Table of Contents |
---|
Overview
The This is documentation for Bridge User Data Download (BUDD) Service is the name of a stack that includes the following pieces:
- A way for the user to request user data.
- An asynchronous BUDD Daemon, which processes the request and gathers health data from AWS.
- A way for the user to get their data back from the BUDD Daemon.
Specifics in the following sections.
Requesting User Data
Alternative #1: BridgePF API and SQS Queue
The user calls the requestUserData API, which lives in BridgePF. The user will pass in start date and end date (we can limit the time range to something like a week to make sure they don't brown out our system; also they can use this to get incremental updates of their data). BridgePF will then write the start and end date, along with health code and email address, to an SQS queue and return OK to the user.
The SQS queue will contain entries representing a request for health data, containing health code, email address, start date, and end date. These entries will be consumed by the BUDD Daemon.
Pros:
- We only have one front-end for all user interaction (BridgePF).
- Apps can integrate with this API without having to configure an entirely separate end point.
- Much cheaper to build compared to a web portal.
Cons:
- Potential security risk from having both email address and health code in SQS, even if only temporarily. (Even just the email address may be a security risk.)
Alternative #2: Web Portal
Users log into a web portal using their Bridge credentials and submit a user data request through the web portal. This request will include the start date and end date. (Again, we can limit the time range.) The BUDD Daemon is an asynchronous process on the same host that handles this request.
Pros:
- If we're building a web portal for returning user data, might as well use the same web portal for requesting it too.
- Security is simpler, since everything lives in a single system that's protected by the user's Bridge credentials.
Cons:
- More expensive compared to building a BridgePF API and an SQS queue.
- Users need to get their Bridge credentials from the apps, which may or may not be easy.
Recommendation
Building a web portal is significantly more expensive than building a BridgePF API and an SQS queue. However, the security concerns for not having email address and health code (or even just email address) living in SQS while "in transit" potentially more than justifies the cost.
Recommendation: Web Portal
BUDD Daemon
The BUDD Daemon is either a process running in EC2 that consumes an SQS queue or a process running in the web portal, depending on other design decisions. (TBD What framework? How is this deployed?) The BUDD Daemon processes user data requests by querying the Upload table in DDB and the Upload bucket in S3, downloading the files, decrypting them, bundling them up, and uploading the bundle to S3.

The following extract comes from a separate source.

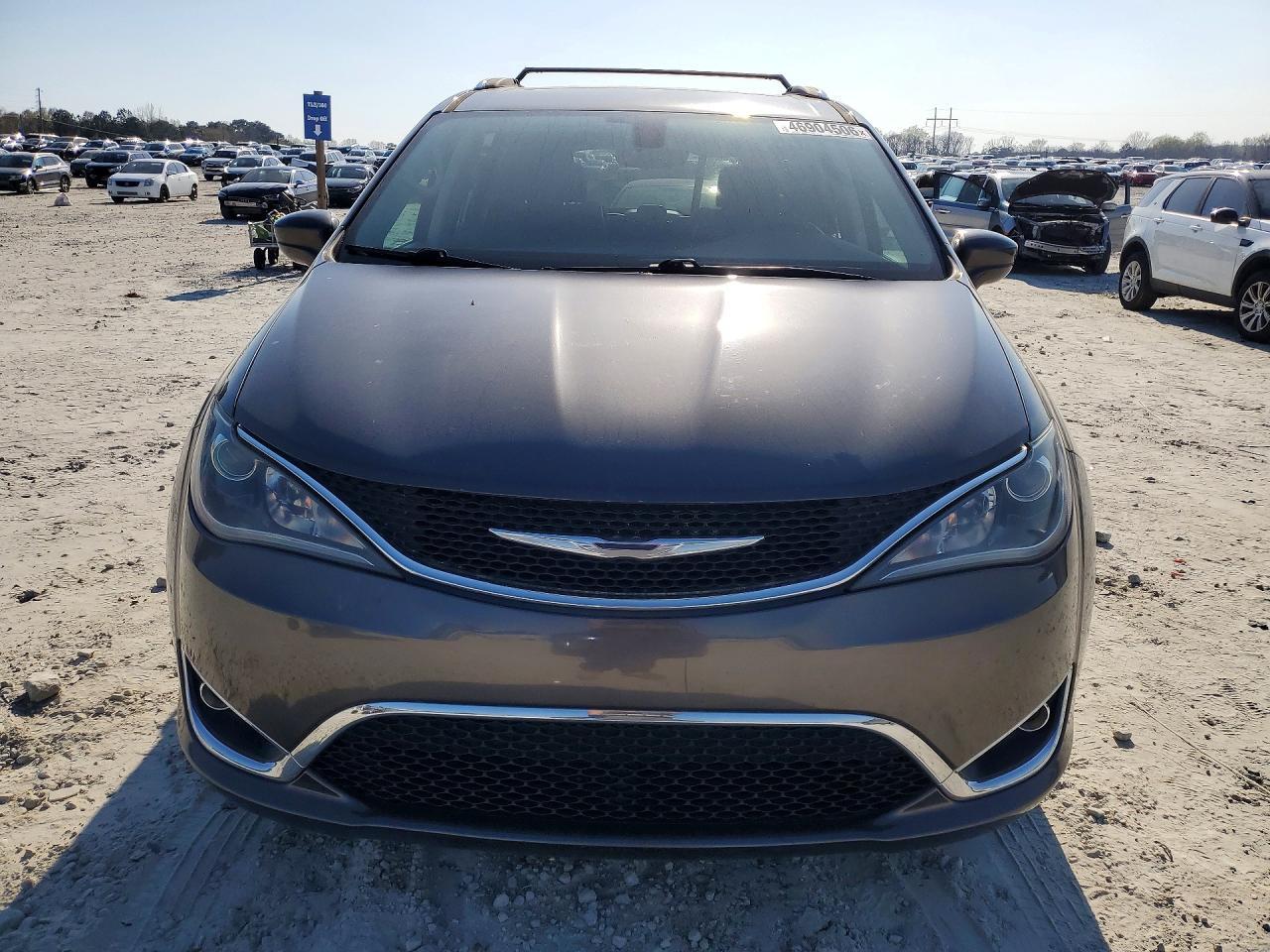 2017 Chrysler Pacifica Touring L Plus - Фото 5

One possible optimization is to make Upload Validation save the decrypted archive file in S3, probably in a structure that looks like: /[healthCode]/[date], so the BUDD Daemon doesn't have to do this work again. However, we'd have to backfill about 4 months worth of data, and we expect user data requests to be sparse, so it's not clear whether this is worth the effort to backfill.
Returning User Data
Alternative #1: Email with S3 Pre-signed URL
The BUDD Daemon generates an S3 pre-signed URL that points to the user's requested data, and emails it to that user. For security, the pre-signed URL expires after 24 hours.
Pros:
- Much cheaper compared to building a web portal.
Cons:
- If the email is intercepted, somebody could use the S3 link to get the user's data.
- If the link expires, the user either needs to request their data again (starting the whole process over again), or we need a way to create a new S3 pre-signed URL from an existing user data request (which increases complexity and cost of this solution).

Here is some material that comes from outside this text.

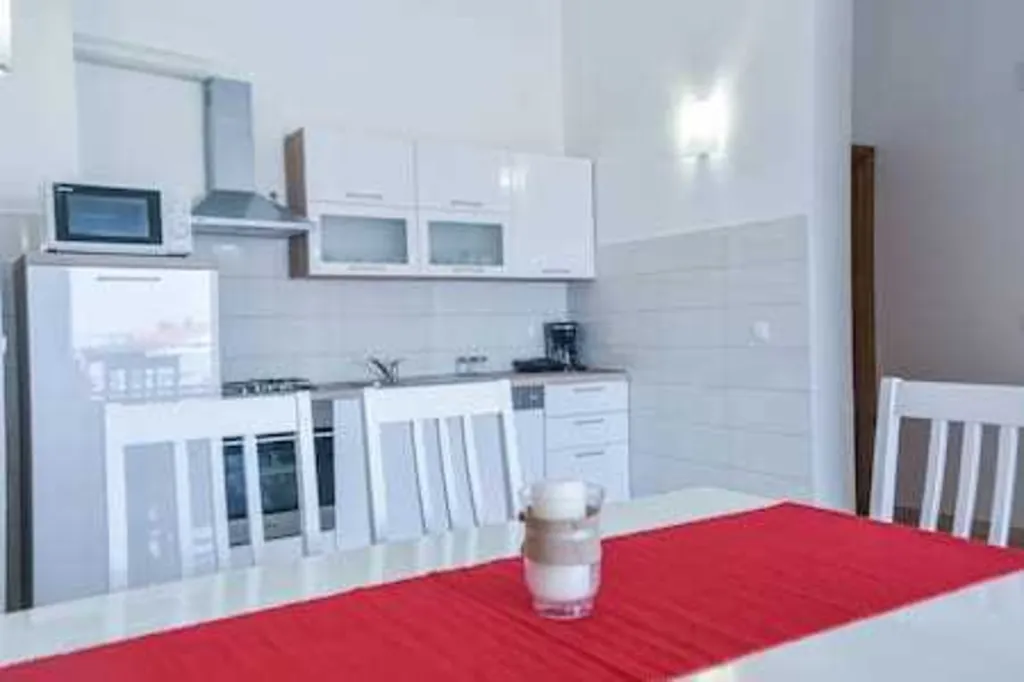 Vrsi Apartment with Heated Pool & Sea View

Alternative #2: Web Portal
The BUDD Daemon notifies the user view email that their data is available on the web portal. The user logs onto the web portal, and go to their completed request. The web portal generates an S3 pre-signed URL, which the user can click to download. For security, the pre-signed URL expires after 5 minutes (we can tweak this up or down depending on security concerns vs user convenience). If the user needs to download their data again, they can log in again and go to the completed request, and the web portal will generate a new S3 pre-signed URL.
Pros:
- If we're building a web portal for requesting user data, might as well use the same web portal for returning it too.
- Better security around the S3 link, since it's not sent out externally, and the expiry time can be much shorter.
- Better story for the user generating a new S3 link after the old one expires.
Cons:
- More expensive compared to building a BridgePF API and an SQS queue.
- Users need to get their Bridge credentials from the apps, which may or may not be easy.
Recommendation
Again, building a web portal is significantly more expensive than just sending out an email. But the web portal has a much better story for security and for generating a new link after the old one expires. Plus, if we're already building a web portal for requesting user data, we might as well use it for returning it too.
Recommendation: Web Portal
Web Portal Design
The web portal will be built with the following components:
- Spring Web MVC framework w/ Spring Boot - Given the lack of support for Play Framework, we decided to try using Spring MVC instead.
- AWS Elastic Beanstalk - We found that Heroku is too simple and too restrictive for our use-case. On the other end of the spectrum, AWS OpsWorks is powerful but incredibly complex. We chose Elastic Beanstalk because it gives us enough power to do what we need to do without the restrictions of Heroku. Additionally, Heroku is currently only available in US an EU, while Elastic Beanstalk is available anywhere AWS is available.
- Travis - Travis is a hosted solution while Jenkins requires us to build and maintain our own infrastructure. In the interest of rapid development, we chose to use Travis over Jenkins. We also considered AWS Code Pipeline. Unfortunately, Code Pipeline doesn't host any builds itself and requires Jenkins as a build solution.
- Maven - Maven was chosen as a dependency management system because it's well-supported and most (if not all) Sage engineers are already familiar with Maven.
Future Improvements
These are things we want for future versions, but not things we need for the initial launch.
...
.
Table of Contents |
---|
Data Flow
- User requests their data in the app, specifying the start date and end date. (App may or may not supply default start and end dates.)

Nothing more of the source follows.